14. Stay afloat with a Focus on Cash-flow
Without money, in current world systems, access to goods and services is severely curtailed. The impression is often given through the media, employers, social organisations and shopping encounters that the rich count far more than the poor. No one can buy their way out of suffering, though, not the ordinary experiences of birth, sickness, old age and death, or the subtler kinds. Money is a good servant but a voracious master because once the chase for it begins, there never seems to be enough. It morphs far too quickly and routinely into interest-bearing debt, pushing many into competition, scarcity and anxiety. Charles Eisenstein reminds readers that formulas such as those popularised by The Secret, The Law Of Abundance, and similar miracle-promising texts may induce comfort and hope but fall short of addressing what is occurring in reality. Those with financial difficulties deserve a pat on the back for persisting – it’s not our fault.
Nevertheless, a minimum or basic income at least is required to get by; indeed, the grounds for a growing worldwide campaign to introduce such a regular universal payment are based on this very premise. Meanwhile, bills arrive. Food, clothes, transport, utilities, entertainment and more cost dearly. Credit cards urge splurges, but being in debt is common and can be frightening. It’s a big challenge for so many, regrettably often preventing enjoyment of the finer things in life. Vicki Robin’s brilliant programme, Your Money Or Your Life, gets in behind the influences on spending behaviour. She teaches a more supportive understanding of money and provides invaluable guidance on how to manage it for personal and public benefit. Sally Lever’s blog on sustainable living is also enlightening. The big lesson is that once conscious attention is shifted to observing everyday patterns of money-handling, control of them becomes possible.
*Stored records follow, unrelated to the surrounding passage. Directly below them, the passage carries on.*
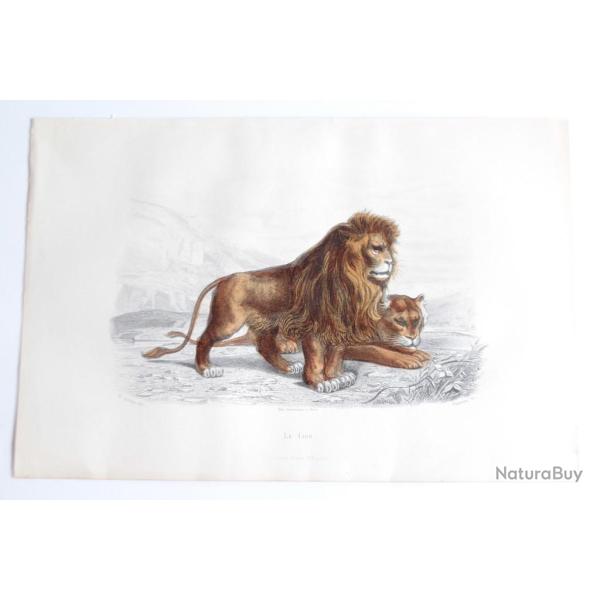 Gravure BUFFON Le Lion XIXe si�cle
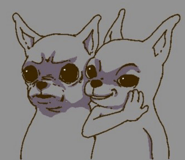 798509590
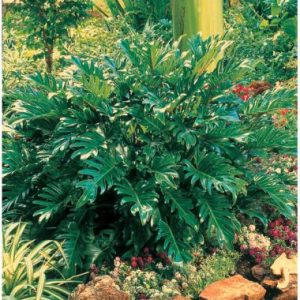 Philodendron Xanadu ®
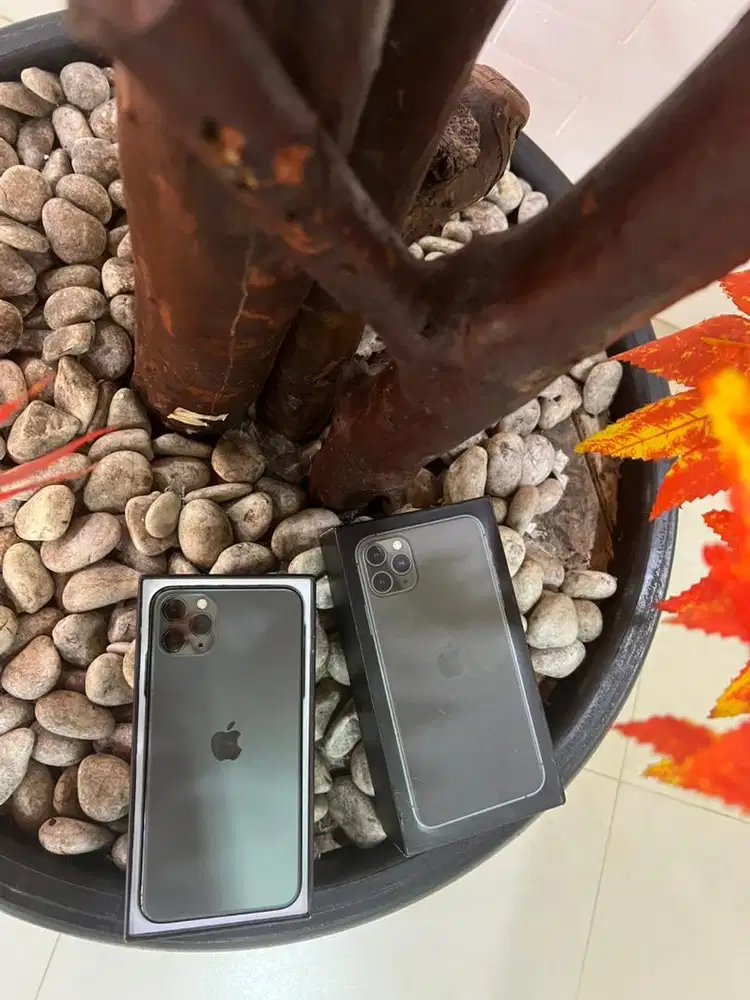 iphone 11 pro max 256gb pembeli baru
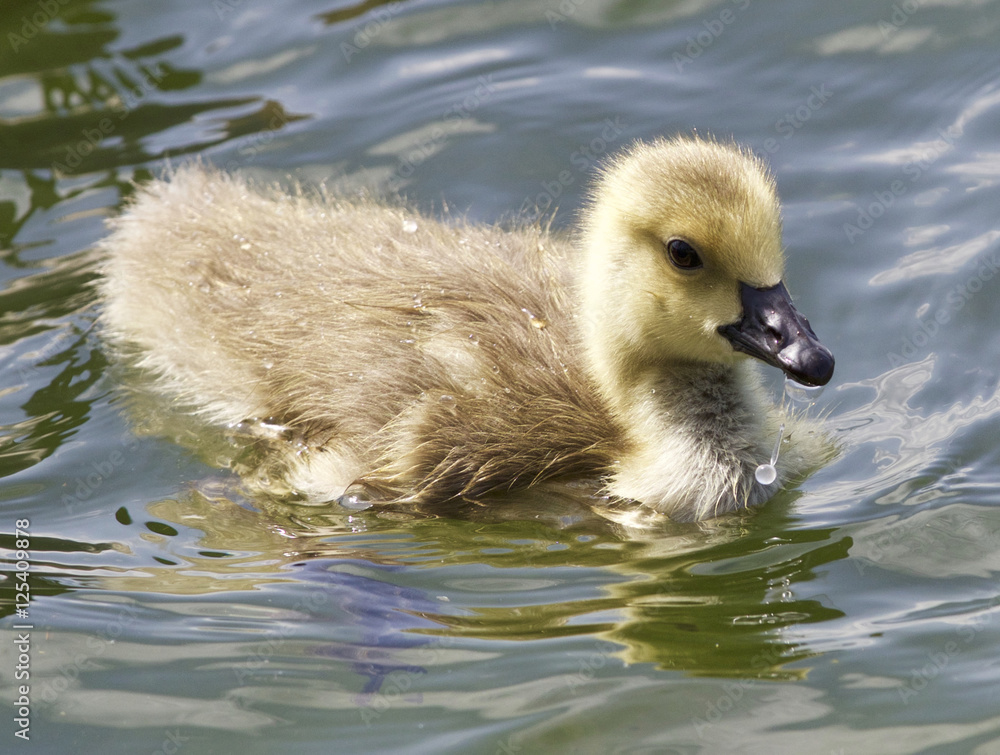 Beautiful background with a chick of the Canada geese eating Beautiful background with a chick of the Canada geese eating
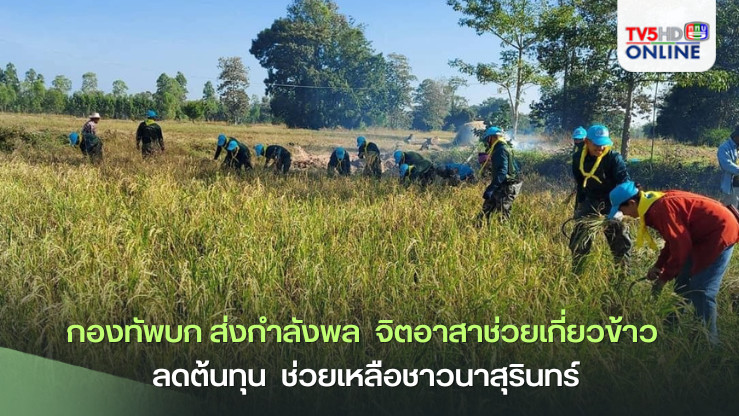 กองทัพบก ส่งกำลังพล  จิตอาสาช่วยเกี่ยวข้าว  ลดต้นทุน  ช่วยเหลือชาวนาสุรินทร์ 
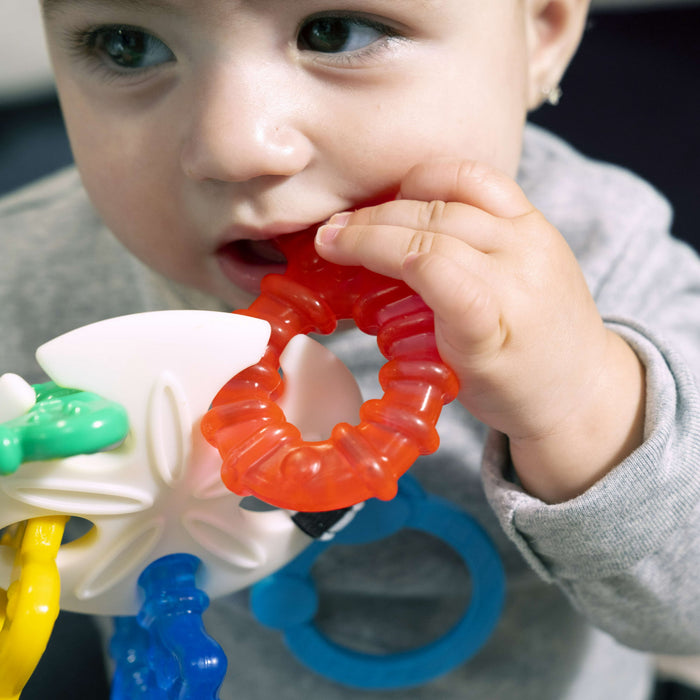 Baby Einstein Ocean Explorers Sea of Sensory Teether Toy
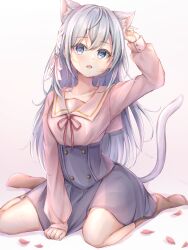  1girl absurdres animal_ear_fluff animal_ears ankle_socks blue_eyes braid brown_socks buttons cat_ears cat_girl cat_tail clenched_hand collarbone commentary crossed_bangs dot_nose expressionless full_body grey_hair grey_skirt hair_between_eyes hair_ribbon hand_on_ground hand_on_own_ear high-waist_skirt highres knees light_blush long_hair long_sleeves looking_at_viewer loose_hair_strand miniskirt neck_ribbon open_mouth original petals pink_ribbon pink_sailor_collar pink_shirt pleated_skirt poe_(528yuzunon) puffy_long_sleeves puffy_sleeves red_ribbon ribbon sailor_collar shadow shirt side_braid sidelocks single_braid sitting skirt socks solo tail very_long_hair wariza white_background 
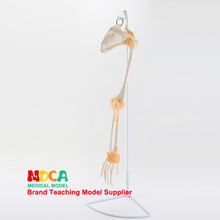 Modelo de esqueleto do membro superior, mão, tornozelo, articulação, massagem de quadril, ensino de medicina, msg006 2024 - compre barato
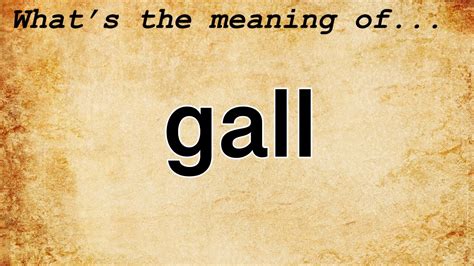 gall definition slang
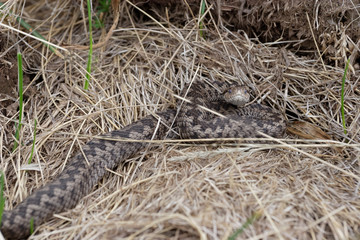 Fototapeta premium Vipera ursini, Ursini's viper, from Dinara mountain, Croatia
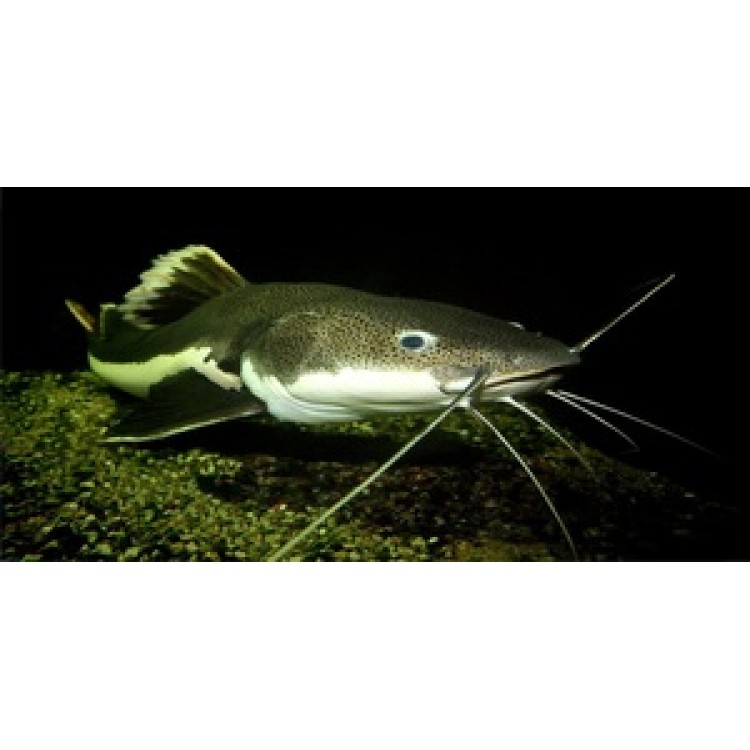 LPO607 Catfish Underwater Photo License Plate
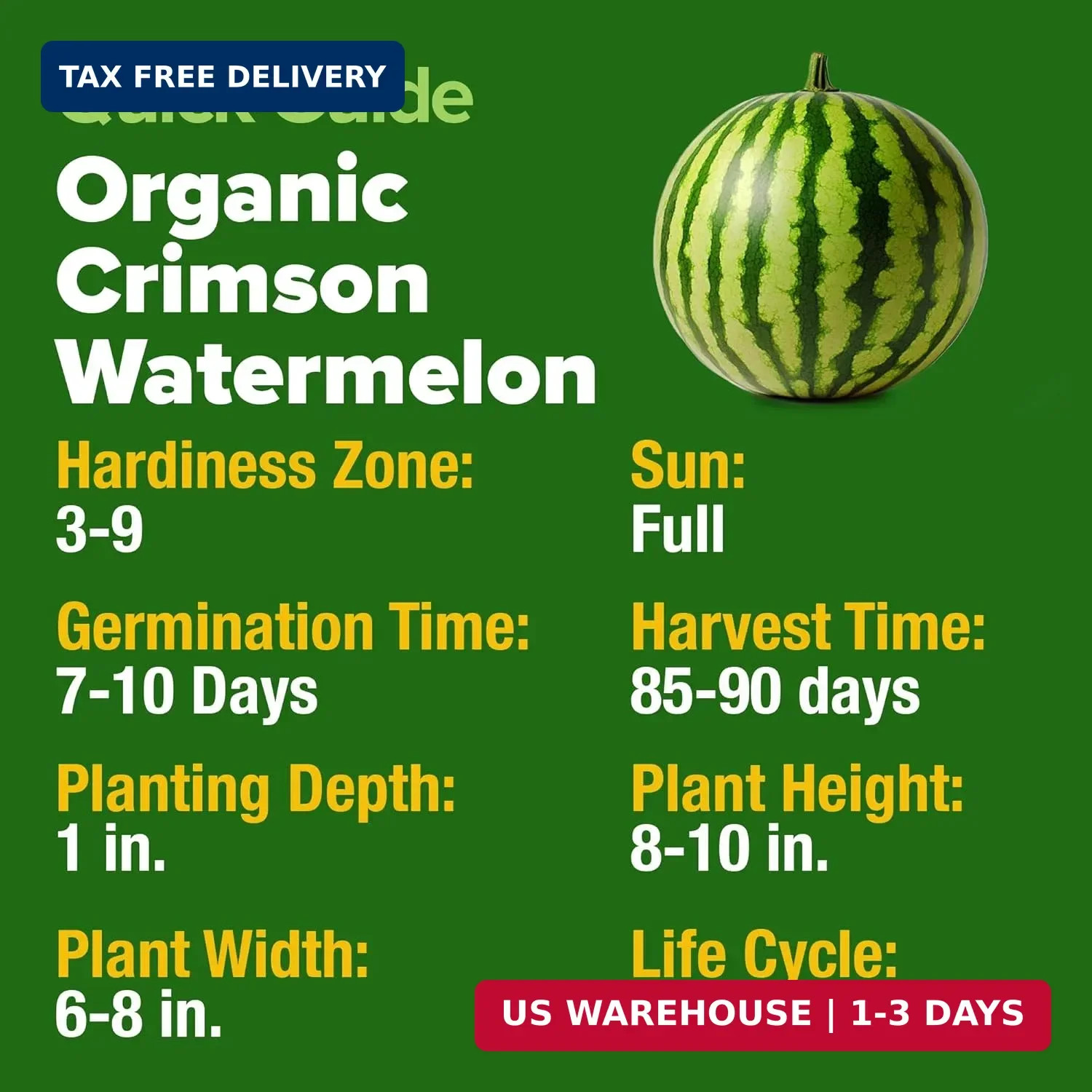 HOME GROWN Organic Crimson Sweet Watermelon Seeds 15+ Heirloom Non-GMO, High Ger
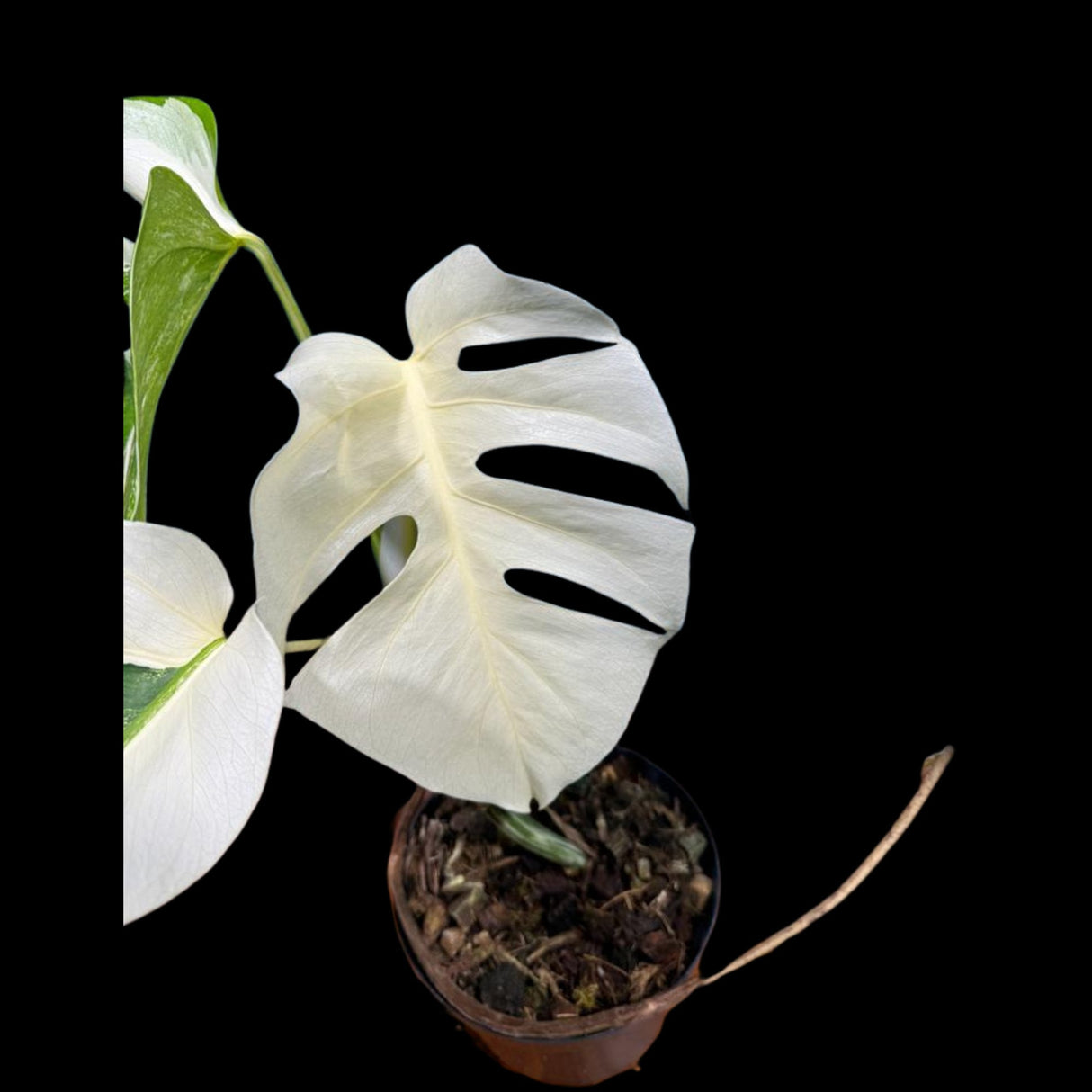 Monstera Albo Mature Plant in a Nursery Pot - Highly Variegated Monstera ALBO - US SELLER Same Plant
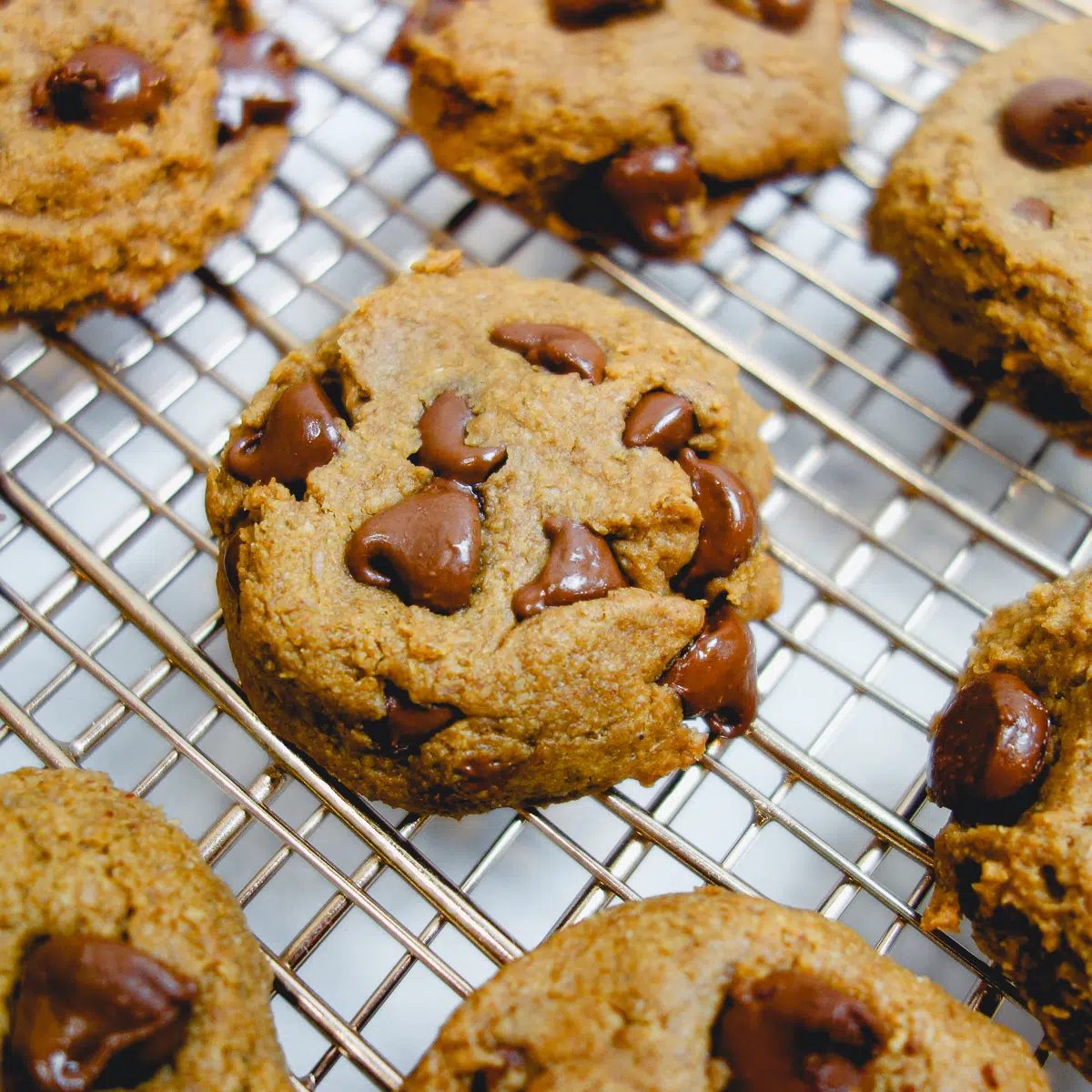 close up of chocolate chip flax cookies on copper cooling rack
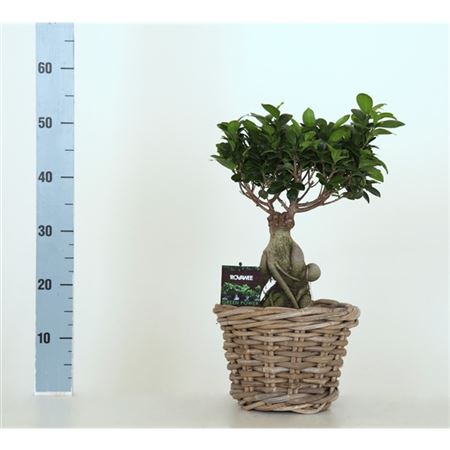 Fic Mi Ginseng In Basket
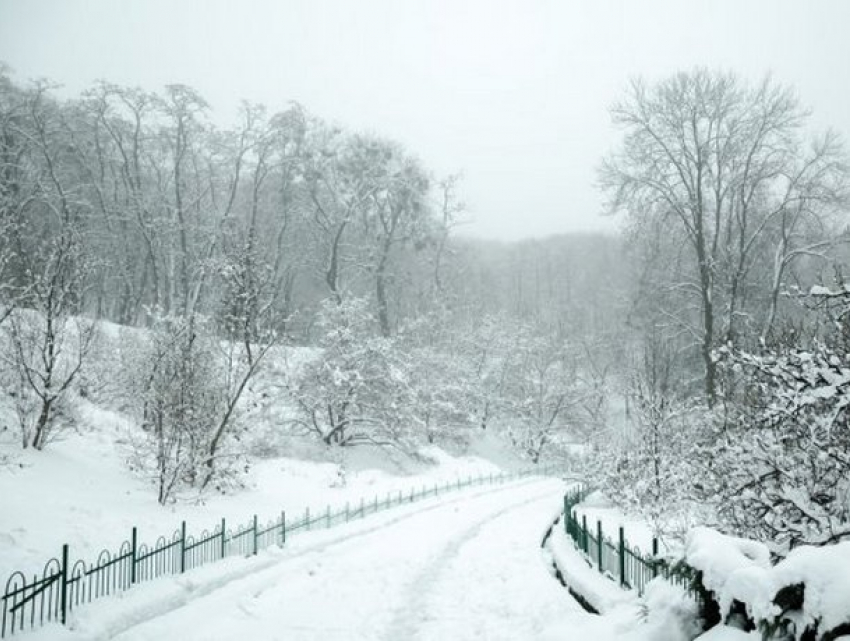 Снег и ветер – погода в воскресенье, 23 января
Help from others, welfare agencies, banks and so on, may still be needed for a while, but it’s within everyone’s capacity to take themselves sooner or later to a point where money is not owed and there is consistently enough and even a little or a lot left over.
In the heat of life-threatening scenarios, to be worrying about money on top of it all is tragic, and what’s worse, the stress of it suppresses the immune system. Reviewing how resources, including money, are allocated, however, is a key part of a successful recovery programme, when the environment should be optimum and whatever is essential to making it so afforded. Now or never is the time to spend or unapologetically appeal for aid from appropriate quarters. Then, resolve to study how to find balance in this area, for it brings a great deal of peace of mind.